Basically what follows is a script that wraps around a custom copy of the OpenSSH ssh client. The reasons for this strange setup is as follows:

  1. PIX currently only supports SSH v1.0
    Update: As of the new version, 7.0 PIX now supports SSH v2.0. If you’re using v7.0 and would be willing to test a copy using PHP with SSH v2 bindings (instead of the patched OpenSSH), let me know. I don’t have a v7.0 PIX running at this time to test with myself.
  2. When in a failover state, the firewalls have a tendancy to change their host keys.
  3. The PIX only supports password authentication via SSH which can’t be wrapped in a script.

Based upon these conditions, I built the attached script.

Note that this is not a drop-and-run application though I’ve lately thought of building one in C. You need to add two non-standard flags to your PHP installation (assuming it’s not on by default in your distribution or you compiled your PHP yourself) and you need to add a patched copy of OpenSSH under a new filename. The patch and all the instructions are included in the README.

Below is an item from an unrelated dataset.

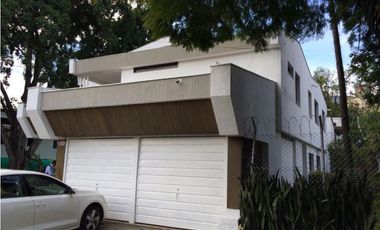 Casa La Aguacatala para inversionista, rentabilidad del 0.5%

Attention: I don’t give any warranty to the useability, applicability, quality or safety of using these functions. It’s all up to the person who finally sits down to make it work to … well, make it work. Best try it first with non-production resources when you test your own implementation. Basically, it works like a champ on my system but if you do something wrong, your mileage might vary.

Distribution

The old version is no longer available since the new version is substantially improved and now more easily packaged and distributed. This is version 1.5 of the PIX backup script along with all necessary instructions and configuration information.

What’s new?

  • The configuration is now stored in one file, /etc/pixbackup.conf (you can change the filename if you like of course.)
  • You can now set unique usernames/passwords/encryption settings for each firewall that is backed up.
  • The script now splits off a child process for each backup so one backup can’t delay or pause another. It also has checks built in should the transfer stall indefinitely. (SIGALRM.)